Федор Михалыч надеялся, что именно сегодня он каким-то манером додумает эту мысль, отыщет нить, ведущую хоть к туманным вариантам ответа на эти осаждающие его вопросы. Он не был фаталистом, но сообщение от почти забытого товарища, половину жизни ходившего по тонкой грани между бытием и небытием, было воспринято как знак – решение где-то рядом, стоит лишь сосредоточиться. Лет десять назад Федор взялся почитывать разного рода мистику: Кастанеду, Гурджиева, Лебедько, Пелевина (роман «Т» последнего взволновал его более других), а посему себя в моменты эйфории примерял на роль «воина духа», который сформировав намерение, сможет-таки найти разгадку человеческого бытия.
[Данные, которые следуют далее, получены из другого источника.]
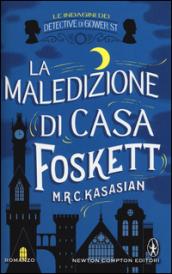 La maledizione di casa Foskett (Le indagini dei detective di Gower St. Vol. 2)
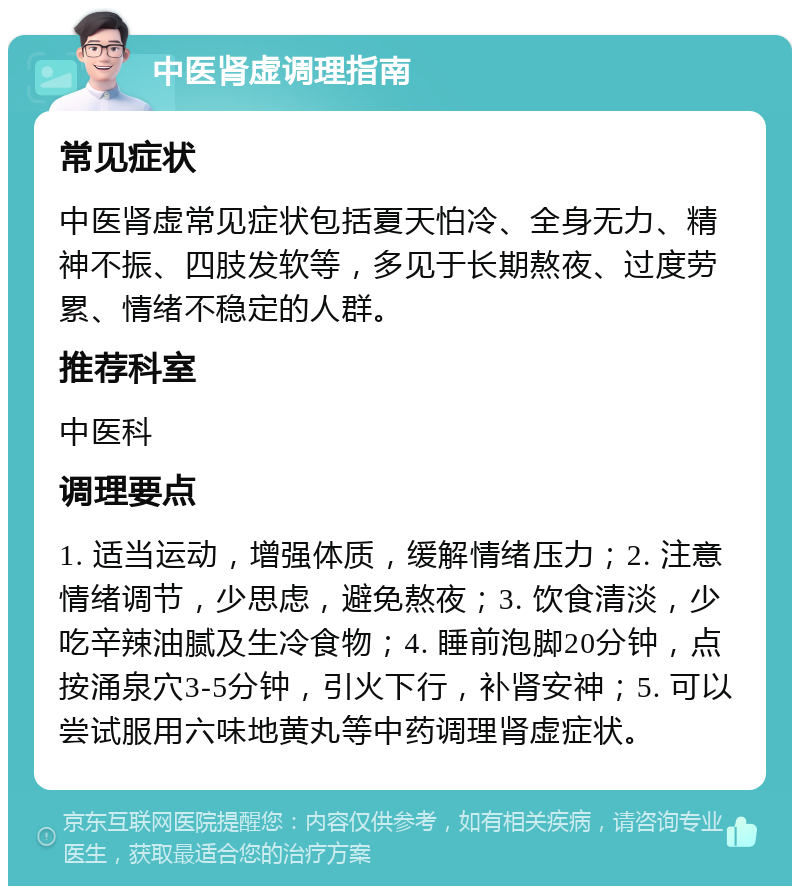 中医肾虚调理指南 常见症状 中医肾虚常见症状包括夏天怕冷、全身无力、精神不振、四肢发软等，多见于长期熬夜、过度劳累、情绪不稳定的人群。 推荐科室 中医科 调理要点 1. 适当运动，增强体质，缓解情绪压力；2. 注意情绪调节，少思虑，避免熬夜；3. 饮食清淡，少吃辛辣油腻及生冷食物；4. 睡前泡脚20分钟，点按涌泉穴3-5分钟，引火下行，补肾安神；5. 可以尝试服用六味地黄丸等中药调理肾虚症状。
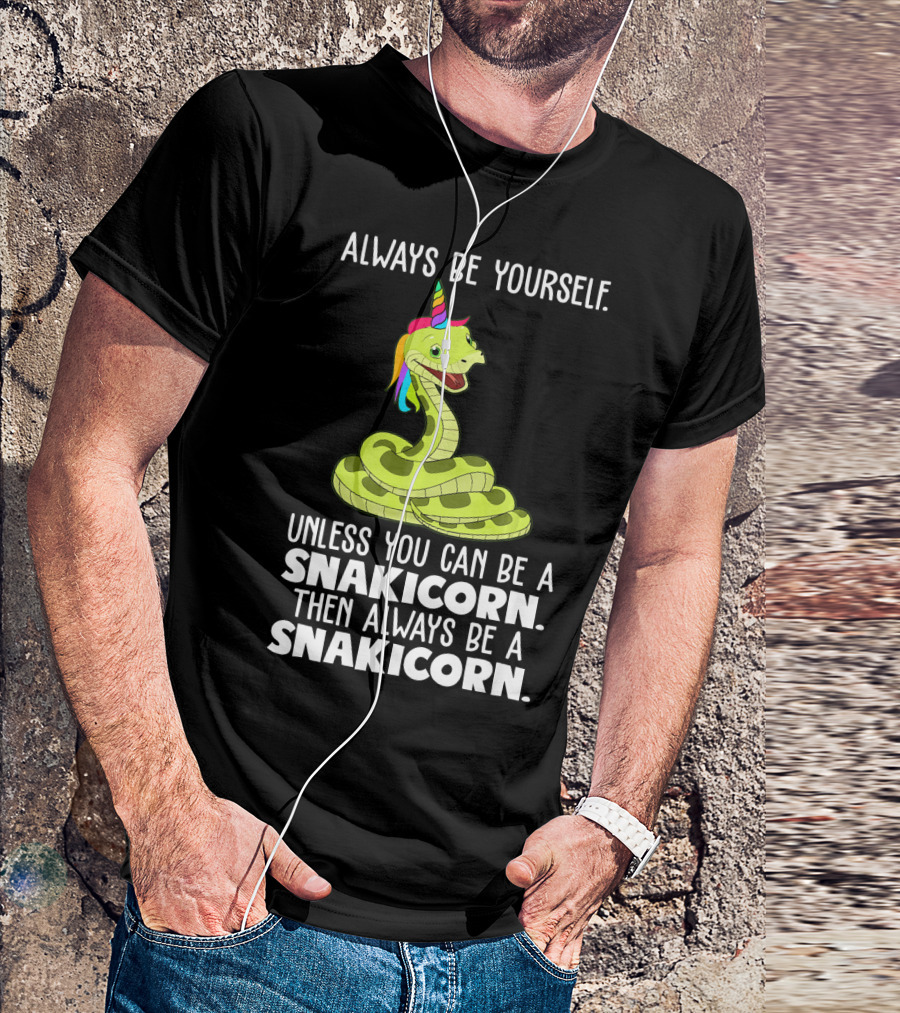 Always Be Yourself Funny Snake Unicorn Ball Python Lover Snakicorn T-Shirt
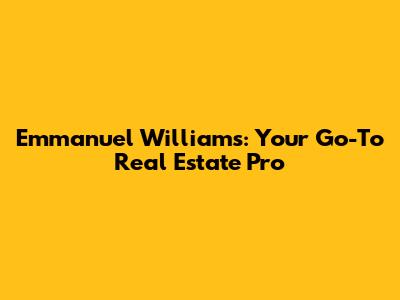 Emmanuel Williams: Your Go-To Real Estate Pro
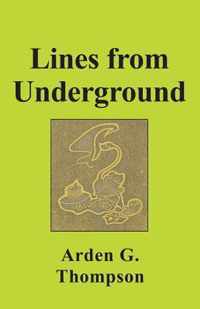 Lines from Underground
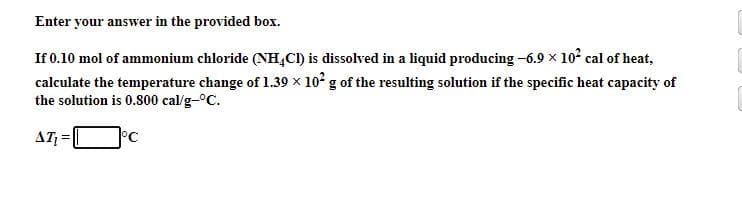 Enter your answer in the provided box.
If 0.10 mol of ammonium chloride (NH,CI) is dissolved in a liquid producing -6.9 x 10° cal of heat,
calculate the temperature change of 1.39 x 10' g of the resulting solution if the specific heat capacity of
the solution is 0.800 cal/g-°C.
AT =
°C
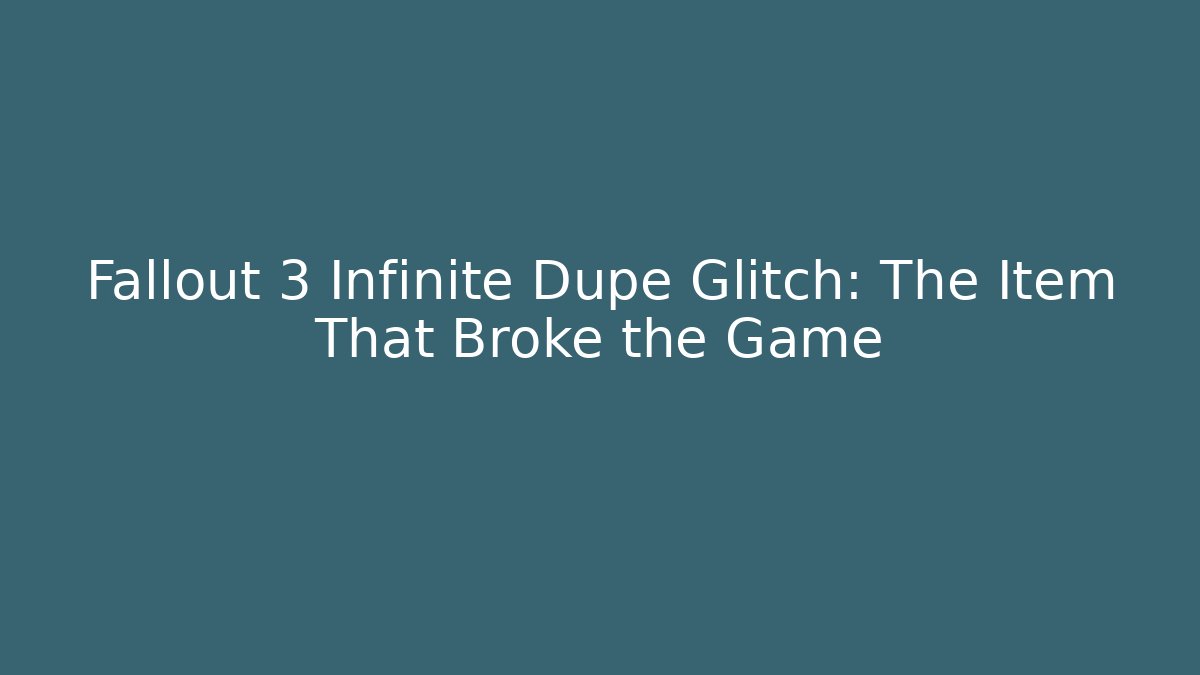 Fallout 3 Infinite Dupe Glitch: The Item That Broke the Game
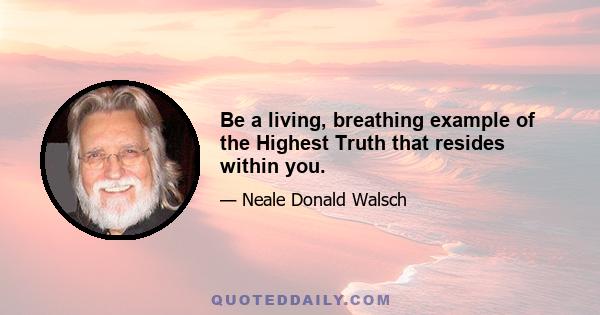 Be a living, breathing example of the Highest Truth that resides within you.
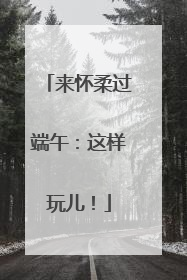 来怀柔过端午：这样玩儿！
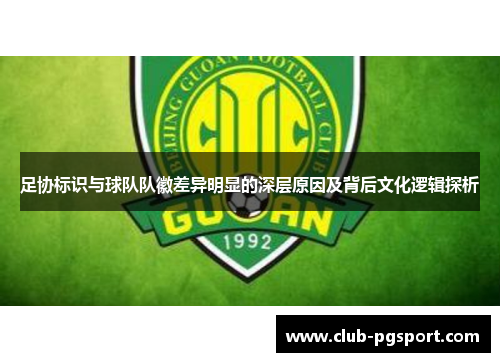 足协标识与球队队徽差异明显的深层原因及背后文化逻辑探析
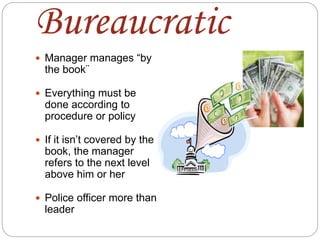 Bureaucratic
 Manager manages “by
the book¨
 Everything must be
done according to
procedure or policy
 If it isn’t covered by the
book, the manager
refers to the next level
above him or her
 Police officer more than
leader
 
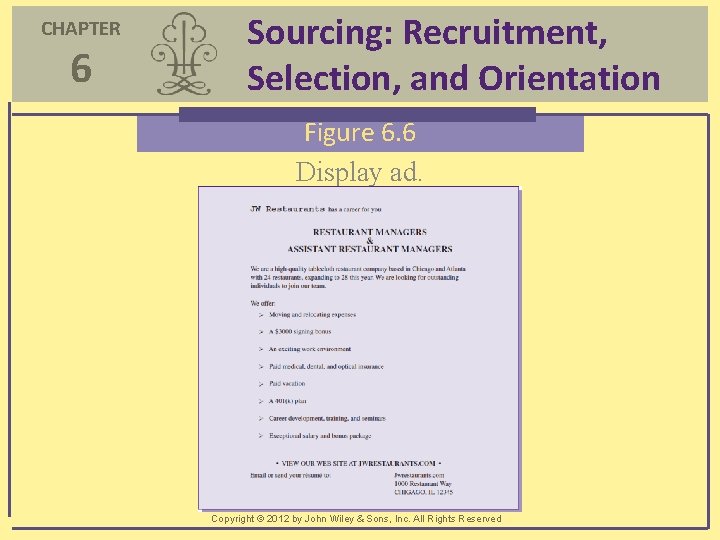 CHAPTER 6 Sourcing: Recruitment, Selection, and Orientation Figure 6. 6 Display ad. Copyright ©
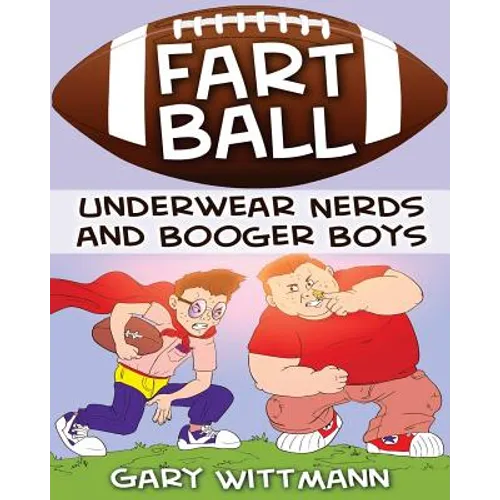 Underwear Nerd and Booger Boys Fart Ball: Underwear Nerd and Booger Boys Series - Paperback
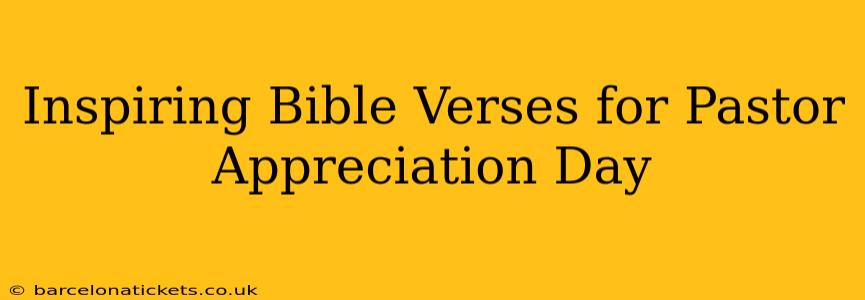 Inspiring Bible Verses for Pastor Appreciation Day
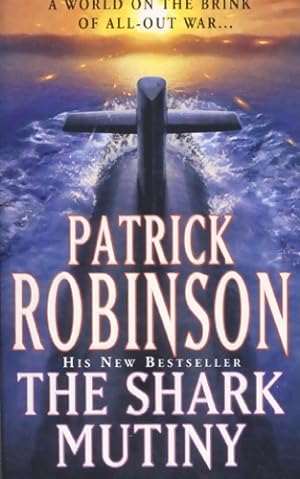 Shark mutiny - Patrick Robinson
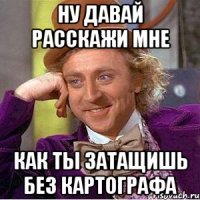 Ну давай расскажи мне Как ты затащишь без картографа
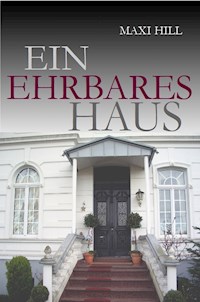 Ein ehrbares Haus - Maxi Hill - ebook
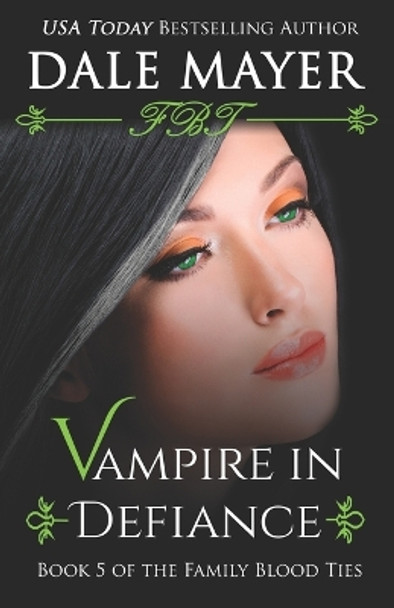 Vampire In Defiance by Dale Mayer 9781988315553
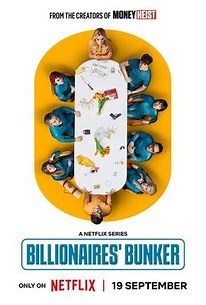 Billionaires' Bunker: Season 1 | Rotten Tomatoes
Любому вменяемому стороннему наблюдателю очевидна смехотворность такого самомнения, но человек – весьма странная конструкция, – только что убеждается, что он последняя тряпка и вошь дрожащая, а уж в следующую минуту видит себя вершителем судеб мира.
Однажды Дядя Фёдор тоже пытался геройствовать. Как говорил поэт:
«Тот человек – в большом был, да и в малом –
Одновременно: жертва и злодей;
Считал себя, конечно, либералом
И не любил, как следствие, людей…»
Сойдясь с коллегой по кафедре, тоже доцентом – Андреем Беликовым, который слыл вольнодумцем, он и глазом моргнуть не успел, как вдруг обнаружил себя вечером 6 мая 2012 года в Москве на Болотной площади, да не просто праздно гуляющим там, а вступившим в потасовку с сержантом ОМОНа, за что был задержан, посажен в автозак, после чего провел ночь в участке, где натерпелся страху и, промочив штаны, многажды пожалел, что спутался с сомнительной компанией. Фёдор Михалыч даже не мог восстановить в памяти четкую последовательность событий – да, собирались по-питерски на кухне у Беликова, шумели, бузили, крыли по матушке власть, силовиков, предстоящую инаугурацию… А потом как-то – р-раз – и вот он уже в митингующей толпе на Болотной.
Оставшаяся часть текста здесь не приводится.